Three reconciliations have to clear at every monthly close. If any of them fails to clear, the close is not finished — even if the controller has already posted it. Most chronic close-quality problems trace back to one of these three quietly being skipped.
Reconciliation 1: PMS revenue to GL revenue
The PMS reports rooms revenue of €1,247,500 for the month. The general ledger should show the same number on the rooms revenue line, with any adjustments documented. The reconciliation: pull both reports, line them up, identify any gaps.
Common breaks: (a) a refund posted in the GL but not yet credited in the PMS, (b) a group billing that hit the GL via a different posting account than the PMS expected, (c) a foreign currency exchange difference between when the booking was confirmed and when payment cleared. Each break has a documented owner and a journal entry to clear.
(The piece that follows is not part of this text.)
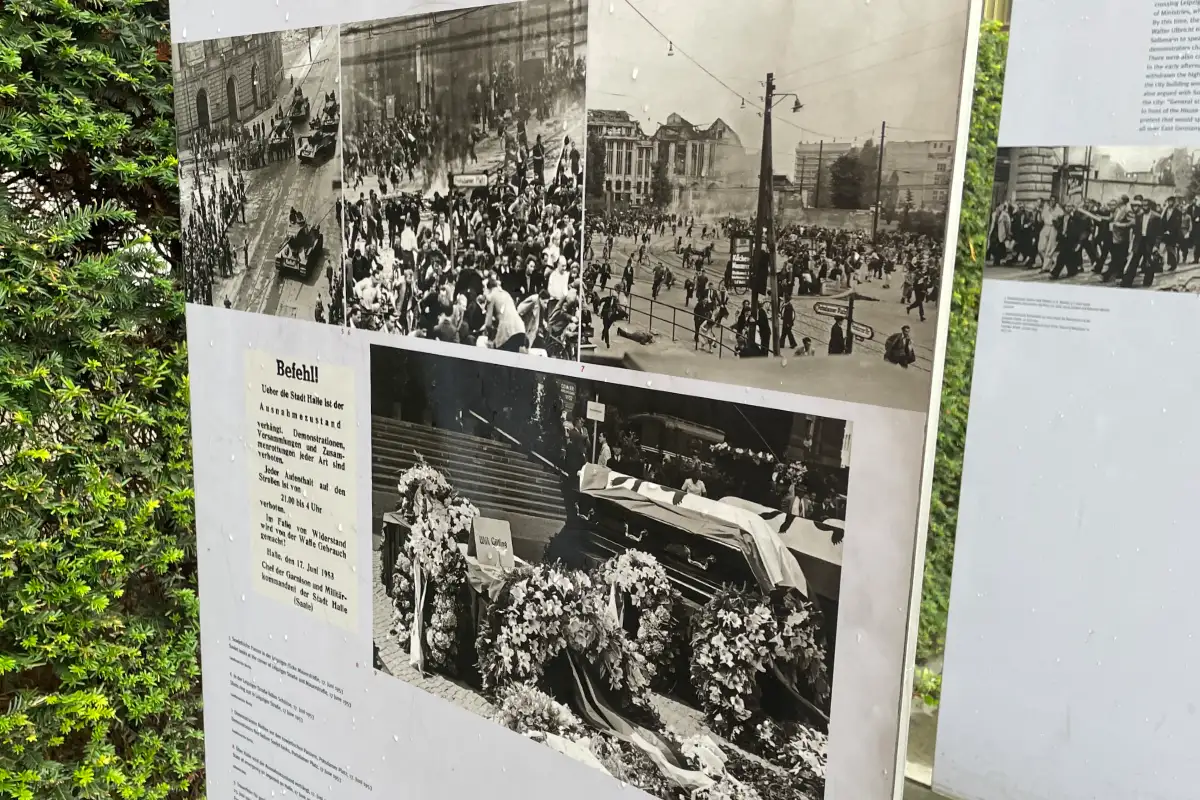 Detail der Stelltafeln mit historischen Fotos vom Aufstand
Reconciliation 2: F&B sales to inventory consumption
F&B is the department most likely to have variance fraud or unintentional shrinkage. The reconciliation: revenue from POS (the front-of-house sales report) vs. inventory consumption from the kitchen (the back-of-house consumption report). If the kitchen consumed €18,400 of food cost but the POS shows revenue at a 28% food cost ratio (implying €17,200 of food consumed), the €1,200 gap is either shrinkage (theft, waste, miscounted inventory) or a comping that wasn't logged.
Properties that don't run this reconciliation monthly end up with F&B departmental profit that drifts by 2-4 points without anyone noticing until the annual audit.
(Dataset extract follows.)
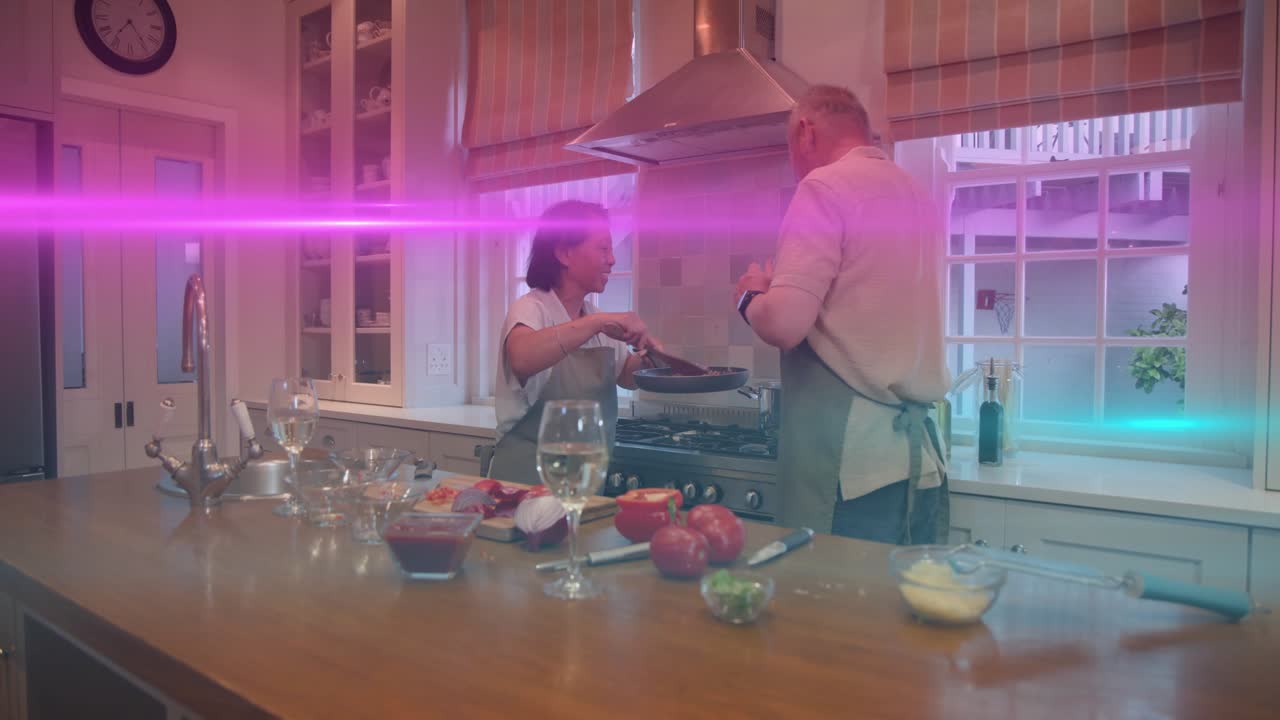 Una pareja cocinando, la mujer sujetando la sartén mientras el hombre alcanza el sazonador y remueve con una luz magenta o azul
Reconciliation 3: payroll allocation to department
A 240-key resort with 180 employees has 12-18 employees who split time across departments — the engineering tech who does work for both rooms and F&B, the GM who is allocated 100% to A&G but spends 30% of time on F&B negotiations, the executive housekeeper who supervises both rooms and laundry. Each split is governed by an allocation policy that the payroll system applies automatically.
The reconciliation: confirm that the policy was applied correctly for the month, that any role changes (a tech promoted to a different department mid-month) were reflected, and that the resulting departmental payroll matches the management view of who worked where. Three of every five properties get this wrong by 1-3 points of departmental margin somewhere — small per department, but it compounds across the year into wrong incentive payouts and incorrect ROI on department investments.